DENVER — One week into the job, Colorado Governor Jared Polis (D-Colorado) revealed his plan to pay for full-day kindergarten statewide.
Polis said Tuesday that he wants the state to spend $227 million to cover his plan, saying that it could be paid for because of an improved forecast on property tax collection. That updated outlook by the Governor's Office of State Planning and Budgeting projected $257 million more in the next 18 months.
Currently, Colorado funds half-day kindergarten for every child. If his plan is approved, parents could send their children to full-day kindergarten by fall.
According to Polis, his plan would free up $100 million that local school districts use to fund kindergarten. He said districts could now use this for other priorities, including teacher pay or reducing class sizes.
"This proposal leverages our improved economy and the recent updates in the estimates to benefit our schools and provide full-day kindergarten without impacting any of the other education budget priorities," Polis said.
"A lot of school districts are using their own funds to divert to pay for full-day kindergarten, and those funds will be freed up for other priorities, like teacher pay or class size," State Budget Executive Director Lauren Larson said.
The proposal also calls for $25 million for schools to utilize to implement full-day kindergarten, which involves curriculum and having enough space for the classrooms.

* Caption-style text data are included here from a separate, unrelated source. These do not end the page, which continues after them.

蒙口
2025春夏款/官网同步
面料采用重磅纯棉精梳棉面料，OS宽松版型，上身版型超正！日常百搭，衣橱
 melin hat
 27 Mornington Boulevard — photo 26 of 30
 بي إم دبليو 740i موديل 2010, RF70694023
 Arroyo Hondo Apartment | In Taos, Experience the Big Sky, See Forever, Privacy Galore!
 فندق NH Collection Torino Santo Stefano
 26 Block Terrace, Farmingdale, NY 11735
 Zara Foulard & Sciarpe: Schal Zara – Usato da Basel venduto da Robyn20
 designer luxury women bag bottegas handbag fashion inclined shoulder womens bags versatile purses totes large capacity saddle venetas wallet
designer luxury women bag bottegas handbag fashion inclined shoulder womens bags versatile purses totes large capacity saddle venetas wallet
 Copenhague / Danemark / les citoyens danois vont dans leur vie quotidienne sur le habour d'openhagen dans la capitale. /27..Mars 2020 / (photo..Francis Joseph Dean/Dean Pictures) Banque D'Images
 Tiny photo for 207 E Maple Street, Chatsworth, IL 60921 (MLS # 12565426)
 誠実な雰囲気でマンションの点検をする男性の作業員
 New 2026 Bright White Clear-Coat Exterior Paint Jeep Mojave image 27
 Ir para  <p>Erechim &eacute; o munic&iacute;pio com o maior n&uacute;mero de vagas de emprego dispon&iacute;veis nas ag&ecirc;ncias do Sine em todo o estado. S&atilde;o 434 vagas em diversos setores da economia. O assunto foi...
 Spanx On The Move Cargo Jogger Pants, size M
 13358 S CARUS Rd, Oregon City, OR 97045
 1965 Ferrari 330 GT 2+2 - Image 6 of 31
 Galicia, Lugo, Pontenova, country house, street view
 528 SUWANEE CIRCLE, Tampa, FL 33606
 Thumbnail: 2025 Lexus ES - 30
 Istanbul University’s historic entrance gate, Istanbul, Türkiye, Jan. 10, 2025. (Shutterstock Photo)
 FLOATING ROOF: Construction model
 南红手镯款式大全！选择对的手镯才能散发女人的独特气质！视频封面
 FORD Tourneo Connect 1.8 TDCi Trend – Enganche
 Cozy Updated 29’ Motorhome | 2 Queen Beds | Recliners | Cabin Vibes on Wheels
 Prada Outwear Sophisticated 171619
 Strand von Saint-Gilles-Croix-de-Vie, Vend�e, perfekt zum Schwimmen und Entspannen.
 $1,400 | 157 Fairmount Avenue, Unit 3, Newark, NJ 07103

"In many instances they don't do it because they don't have enough space to do it, in other words they don't have the classroom space," Ken DeLay, Executive Director of the Colorado Association of School Boards, said.
School boards are the local elected committees that make funding decisions for local school districts.
Just because the Governor says the districts could increase teacher pay with funds that they currently use to pay for kindergarten, the districts wouldn't have to do that.
"Seventy-five, 80 percent of their budget is in personnel, and somewhere well north of 50 percent is in teachers, so I think we can count on the fact that most of the money is going to go to those places," DeLay said. "I don't know that there's any reason any district would not want to participate. There might be other challenges, I do think, for especially some of our more remote districts, finding people that will come for the salary that they pay may be a challenge, but I think the primary issue is going to be space."
The Colorado State Board of Education on Thursday approved a resolution supporting the proposal.
“The proposal doesn’t create a new mandate for districts or for parents, but it enables districts to offer free, full-day kindergarten for all, and it will help ensure all students are on the path to success,” said Vice Chairman Steve Durham.
There is another challenge. Lawmakers who control the state's piggy bank. Democrats who sit on the powerful Joint Budget Committee are already pumping the brakes.
"We don't want to create any more unfunded mandates for our districts, so whatever we do, we want to make sure that we're being fiscally prudent in the outlying years because if we fund it this year, then we need to make sure that we're funding it in the out years too," Joint Budget Committee member Sen. Rachel Zenzinger (D-Arvada) said. "It's not necessarily something off the table to phase something like full-day kindergarten in."
Joint Budget Committee chairman Sen. Dominick Moreno (D-Commerce City) said his party supports the idea of full-day kindergarten, but is mindful that the state has other needs.
"The Governor's budget doesn't really touch on transportation, for example, and that's something we've heard loud and clear from our constituents, that they are tired of sitting in traffic, that they want a better infrastructure," Moreno said.
"My biggest disappointment is that I was hoping that we might have just some things to look at, some things to consider, so I think now at this point, it's back on the legislature to figure out how we move forward with regard to transportation," Zenzinger said.
Polis also said that funding full-day kindergarten will help preschool availability as well.
"Full funding of kindergarten by itself frees up 5,100 preschool slots that are currently used to backfill kindergarten. On top of the 5,100, we are adding an additional 3,000 preschool slots to address the weight list for preschool in our state," said Polis.
How's that work?
"A number of districts are using the preschool slot funds to help fund their kindergarten," DeLay said. "As they are permitted to do."
The budget also calls for the state spending a little more than a million dollars to start a program for anyone to purchase cheaper prescription drugs from Canada.
His proposal also calls for tripling the amount of money former Gov. Hickenlooper had requested for the Colorado Oil and Gas Conservation Commission.
Hickenlooper had requested $600,000 for one new oil and gas inspector and four other staff for the oil and gas commission. Polis is requesting a total of $1.8 million for five new inspectors and 16 total new employees.
The governor will recommend his changes to the budget committee Wednesday. Then, it's up to lawmakers to decide how to divvy up the money.